The LRVM create external data segments to back persistent data structures for the applications The application can create as many as data segments it wants.

RVM Primitives #

Initialization:

  • initialize(options)
    • Declares a log segment for aggregating changes made to persistent data structures.
  • map(region, options)
    • Maps a region of virtual address space to an external data segment.
  • unmap(region)
    • Decouples a region of virtual address space from its associated external data segment.

Body of server code:

  • begin_transaction(tid, restore_mode)
    • Signals the RVM runtime that changes will be made to persistent data structures between begin_transaction and end_transaction calls. The restore_mode specifies how to restore the state of the data structures in case of failure.
  • set_range(tid, addr, size)
    • Being called at the beginning of the transaction.
    • Specifies a block of memory to modify within the critical section between begin_transaction and end_transaction calls.
  • end_transaction(tid, commit_mode)
    • Signals the RVM runtime to commit changes made to persistent data structures in the current transaction. The commit_mode specifies how to handle flushing of the redo log to disk.
  • abort_transcation(tid)
    • Signals the RVM runtime to throw away changes made to persistent data structures in the current transaction.

To reduce log space:

  • flush()
    • Explicitly flushes the redo log to disk.
  • truncate()
    • Applies the redo log to the external data segments and truncates the log.

Misc:

  • query_options(region)
    • Retrieves the options associated with a region of virtual address space.
  • set_options(options)
    • Sets the options associated with a region of virtual address space.
  • create_log(options, len, mode)
    • Creates a log segment with specified options, length, and mode.
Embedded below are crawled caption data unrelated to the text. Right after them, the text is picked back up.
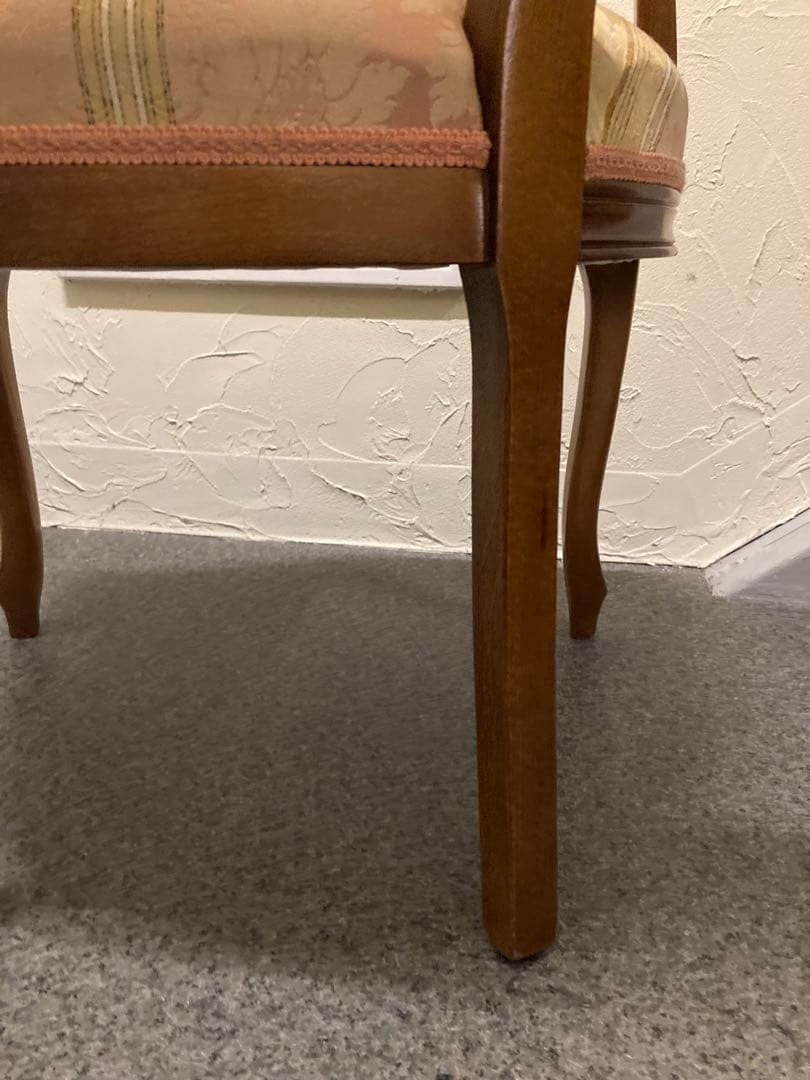 写場椅子　アーム付き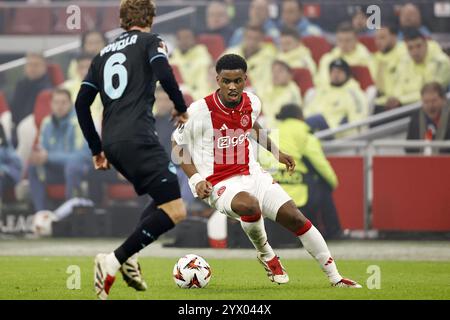 AMSTERDAM - Nicolo Ravella de SS Lazio, Jorrel Hato d'Ajax lors du match de l'UEFA Europa League entre l'AFC Ajax Amsterdam et le SS Lazio Roma au Johan Cruijff Arena le 12 décembre 2024 à Amsterdam, pays-Bas. ANP | Hollandse Hoogte | MAURICE VAN STEEN crédit : ANP/Alamy Live News Banque D'Images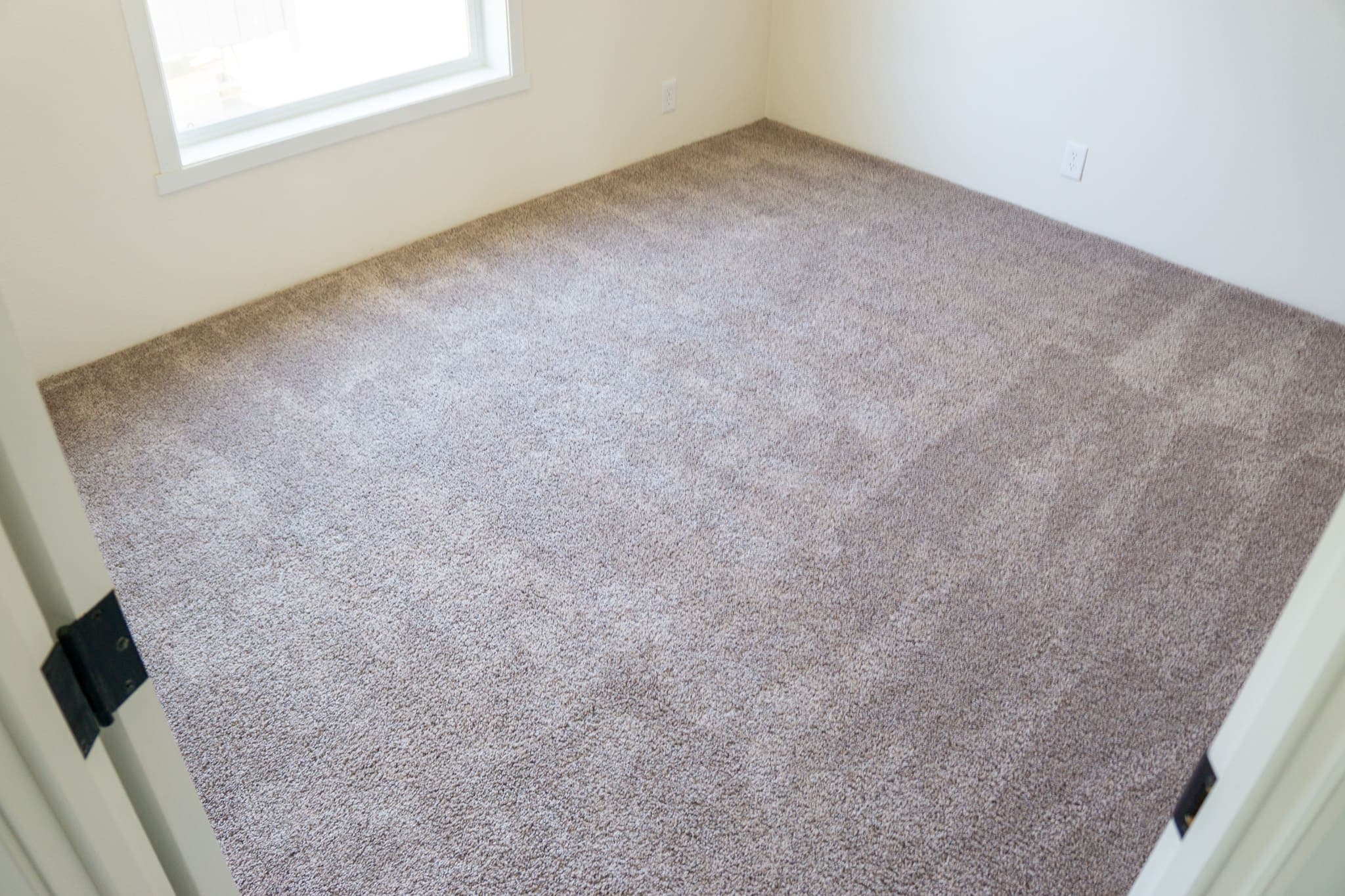 The opal (28483f) interior and bedroom home features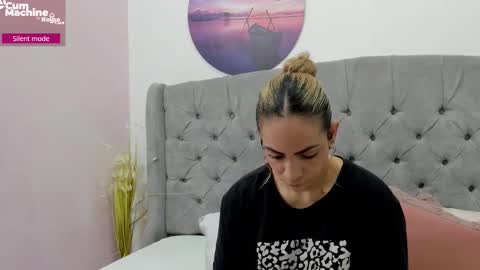 Snapshot of valesskahall chatting on 11.20.25 Valesskahall online show from 11.20.25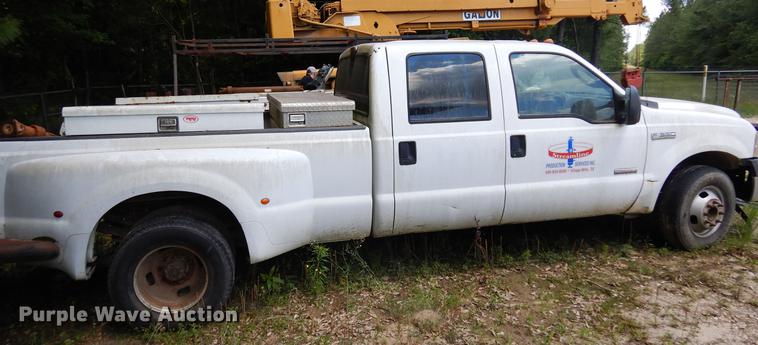 image for item DD3014 2006 Ford F350 Super Duty Crew Cab pickup truck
How the Server Uses the Primitives #

  1. Initialization: At the start of the code, the developer maps the address space of their process to external data segments and specifies the log segment for the code. This is done using the initialize(), map(), unmap(), and create_log() primitives.
  2. Begin transaction: When the developer wants to modify persistent data structures in their code, they begin a transaction using the begin_transaction() primitive. They can also specify a restore mode, which tells the system that the transaction will never abort and therefore no undo record needs to be created.
  3. Set range: Once the transaction has begun, the developer specifies the block of contiguous addresses that they plan to modify in this critical section using the set_range() primitive.
  4. Modify data structures: The developer can then modify in-memory versions of the persistent data structures using normal code.
  5. End transaction: When the developer is done with the changes, they call end_transaction() to commit the transaction. LRVM creates a redo log in memory of the changes that have been made to the persistent data structures.
  6. Flush and sync redo log: LRVM flushes the redo log to the log segment on the disk synchronously. However, the developer can specify a “no flush” mode in end_transaction() to allow the system to commit the transaction without blocking further execution.
  7. Abort transaction: If the transaction aborts, LRVM restores the original version of the portion of the virtual address space that was modified during the critical section by copying the undo record back into that space.
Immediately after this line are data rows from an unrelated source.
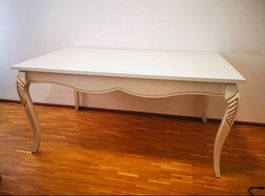 Schöner Eleganter Esstisch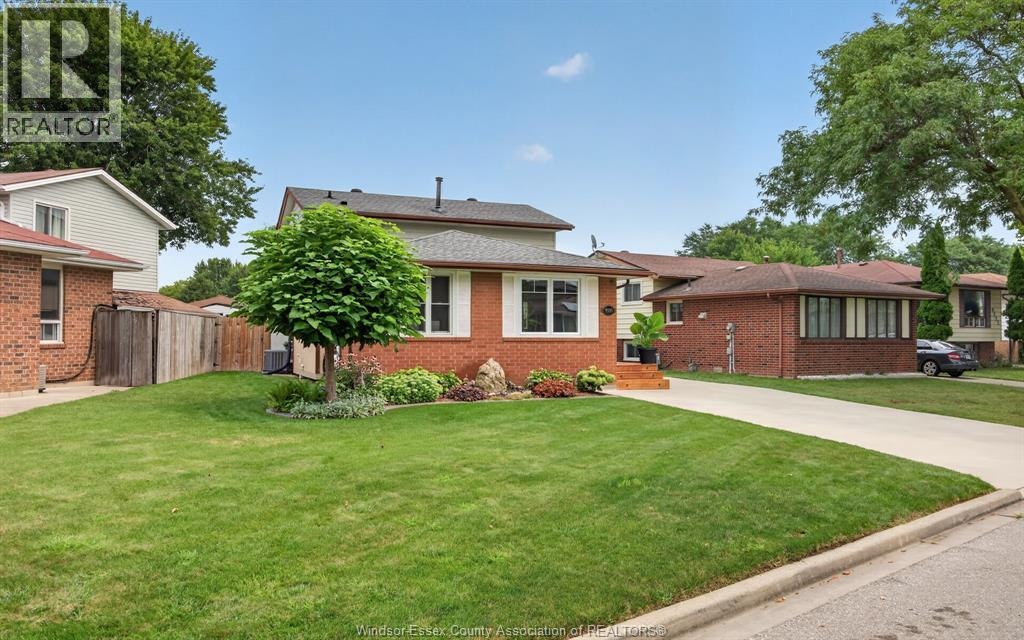 9535 Avery Lane, Windsor, ON, N8R 2C1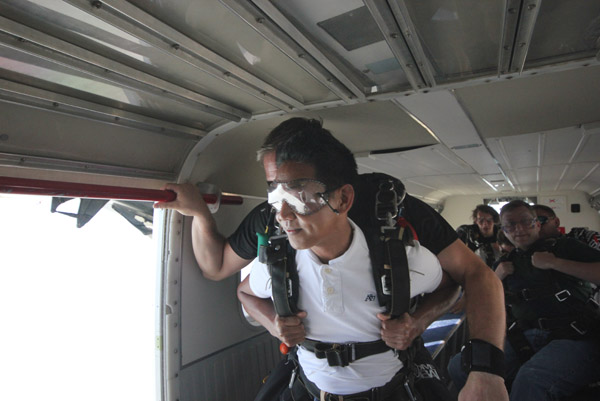 SkydiveDubaiApr12Brian 021.jpg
Transaction Optimizations #

RVM has restricted transaction semantics, which means it doesn’t allow nested transactions and doesn’t require synchronous I/O for every commit. However, RVM provides opportunities for the developer to optimize the performance of the library for the chosen application.
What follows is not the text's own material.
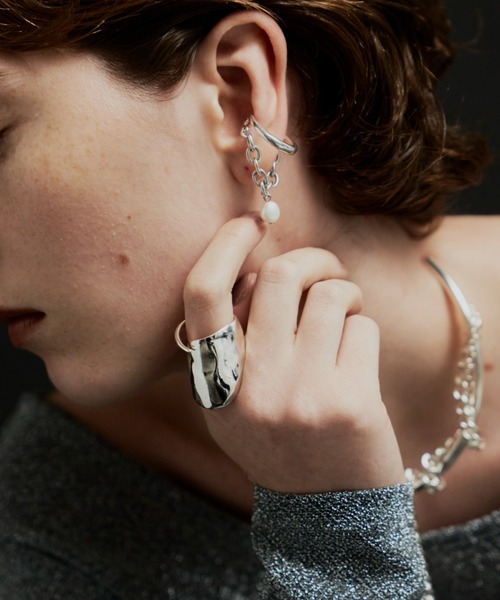 loni（ロニ）の「【金属アレルギー対応】Benjamin asymmetry ring（アシンメトリーデザインリング）（リング・レディース・ゴールド/シルバー・#11/#13）」の19枚目の写真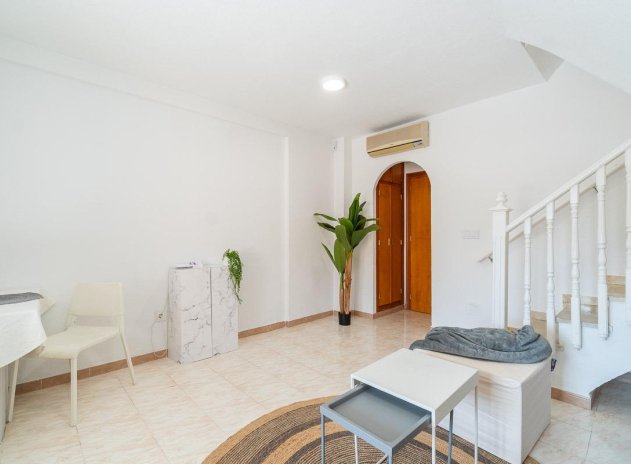 Herverkoop - Rijwoning - Torrevieja - La Siesta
  1. No-restore mode in the begin_transaction call. This mode tells RVN that the transaction starting is not going to abort, so there is no need to create an in-memory undo record. This reduces the amount of work that RVM has to do, and the overhead in performing a transaction is less.
  2. No-flush mode in the end_transaction call. This mode tells RVM that there is no need to do a synchronous I/O at the commit point. The application developer takes a chance by using this mode because there is a window of vulnerability between end_transaction and the point at which the redo log has been forced to the disk. If there is a system cache within this time, the redo records that were written to in-memory may be lost.

Implementation #

RVM uses a logging strategy called no undo/redo value logging, which creates an undo record of the changes that are going to be made to virtual memory but is not a log that is persistent on the disk. The redo log consists of a transaction start and the changes that are made, but only new value records of committed transactions are written to the log. This is the reason for forward displacements because we know where to append to the log segment on the disk. Upon commit, the old value records in the virtual memory are replaced with the new value records, which is automatic. Only if you abort, you have to undo the changes. At that point, you have to force the redo log records to the log on the disk.

Crash Recovery #

Crash recovery consists of RVM first reading the log from tail to head, then constructing an in-memory tree of the latest committed changes for each data segment encountered in the log. The trees are then traversed, applying modifications in them to the corresponding external data segment. Finally, the head and tail location information in the log status block is updated to reflect an empty log. The idempotency of recovery is achieved by delaying this step until all other recovery actions are complete.

Log Truncation #

Truncation is the process of reclaiming space allocated to log entries by applying the changes contained in them to the recoverable data segment. Periodic truncation is necessary because log space is finite, and is triggered whenever current log size exceeds a preset fraction of its total size.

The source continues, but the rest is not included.